Who made the swan, and the black bear?
Who made the grasshopper?
The grasshopper, I mean—
the one who has flung herself on the grass,
the one who is eating sugar out of my hand,
who is moving her jaws back and forth instead of up and down—
who is gazing around her with enormous and complicated eyes.
Now she lifts her pale forearms and thoroughly washes her face.
Now she snaps her wings open, and floats away.
And then Mary Oliver confesses,
I don’t know exactly what a prayer is.
I do know how to pay attention, how to fall down
into the grass, how to kneel down in the grass,
how to be idle and blessed, how to stroll through the fields,
which is what I have been doing all day.
Tell me, what else should I have done?
Doesn’t everything die at last, and too soon?
Tell me, what is it you plan to do
with your one wild and precious life?
What is it you plan to do with your one wild and precious life? In his book Finding My Way Home Henri Nouwen urges us to embrace the enormously radical stance toward life of “wait[ing] with openness and trust,” an attitude and perspective towards life he further defines this way:
It is choosing to hope that something is happening for us that is far beyond our own imaginings. It is giving up control over our future and letting God define our life. It is living with the conviction that God molds us in love, holds us in tenderness, and moves us away from the sources of our fear. Our spiritual life is a life in which we wait, actively present to the moment, expecting that new things will happen to us, new things that are far beyond our own imagination or prediction. This, indeed, is a very radical stance in a world preoccupied with control.

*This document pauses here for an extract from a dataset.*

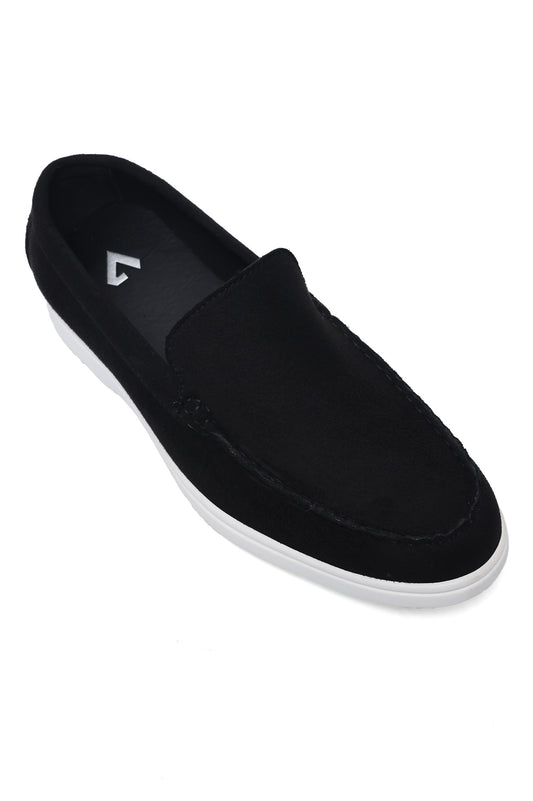 CLASSIC SUEDE SLIP-ON LOAFERS-BLACK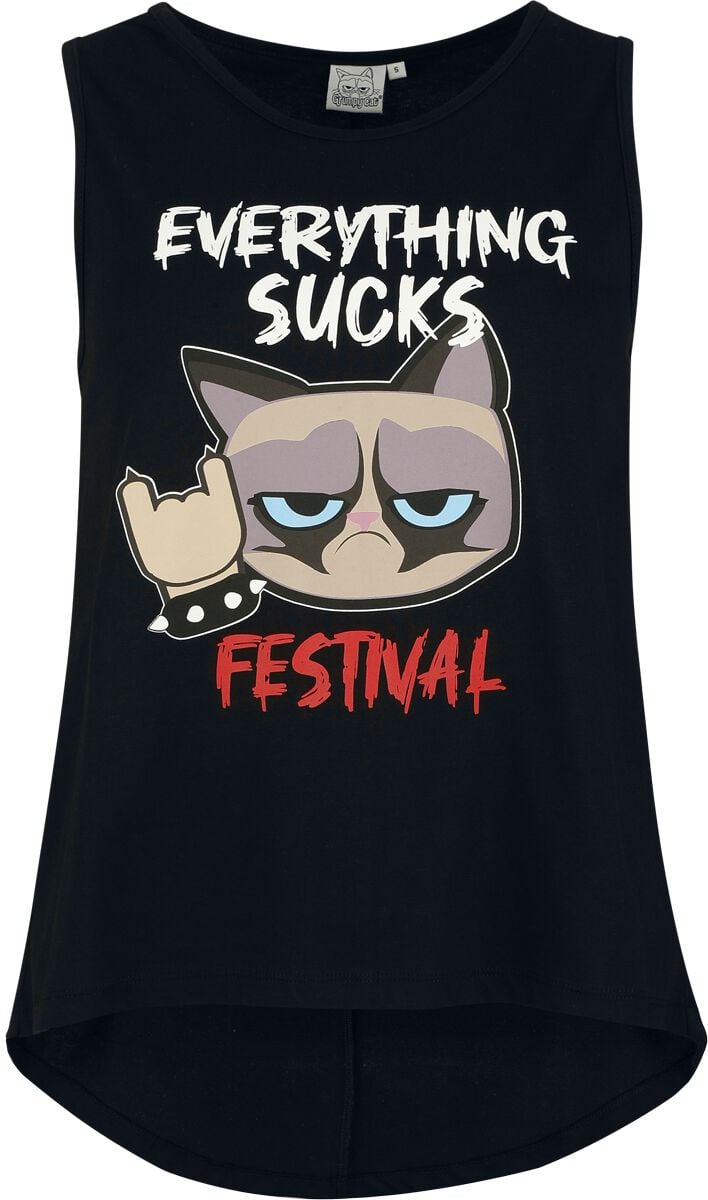 Top  de Grumpy Cat - Everything Sucks - Festival - S à 3XL - pour Femme - noir - Grumpy Cat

What is it you plan to do with your one wild and precious life? Those who are enamored with power and control will find troubling the gospel’s call to active waiting and trust. The gospel reminds us that you and I do not set the timetables for life. Speaking of coming times of turmoil and difficulty, Jesus asserts, in Mark’s Gospel, “But about that day or hour no one knows, neither the angels in heaven, nor the Son, but only the Creator” (Mark 13:32). Through the generations there have been countless folk who have wasted energy seeking to decipher God’s timetable, when the gospel makes it abundantly clear that our calling is simply this, to live our one wild and precious life faithfully and creatively in the interim—to live in constant watchfulness and alertness, trusting that, come what may, we are held in God’s compassionate and caring arms. As Mary Oliver suggests, it is a matter of paying attention. It is a matter of finding something worth living for, and even something worth dying for. It is a matter of finding a wild and wonderful hope to empower our own wild and precious life.

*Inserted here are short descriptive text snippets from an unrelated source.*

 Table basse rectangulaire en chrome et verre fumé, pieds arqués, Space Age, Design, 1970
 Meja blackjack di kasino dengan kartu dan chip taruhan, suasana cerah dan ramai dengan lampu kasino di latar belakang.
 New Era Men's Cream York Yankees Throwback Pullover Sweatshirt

Maya Angelou has a Christmas poem entitled Amazing Peace. Included are these lines:
We clap hands and welcome the Peace of Christmas.
We beckon this good season to wait awhile with us.
We, Baptist and Buddhist, Methodist and Muslim, say come.
Peace.
Come and fill us and our world with your majesty.
We, the Jew and the Jainist, the Catholic and the Confucian,
Implore you to stay awhile with us
So we may learn by your shimmering light
How to look beyond complexion and see community.
It is Christmas time, a halting of hate time.
On this platform of peace, we can create a language
To translate ourselves to ourselves and to each other.
At this Holy Instant, we celebrate the Birth of Jesus Christ
Into the great religions of the world.
We jubilate the precious advent of trust.
We shout with glorious tongues the coming of hope.
All the earth’s tribes loosen their voice
To celebrate the promise of Peace.
We, Angels and Mortals, Believers and Nonbelievers,
Look heavenward and speak the word aloud.
Peace. We look at our world and speak the word aloud.
Peace. We look at each other, then into ourselves,
And we say without shyness or apology or hesitation:Peace, My Brother.
Peace, My Sister.
Peace, My Soul.
This Advent season, let us anticipate the gift of peace, transforming our one wild and precious life with a wild and wonderful hope. May it be so. Amen.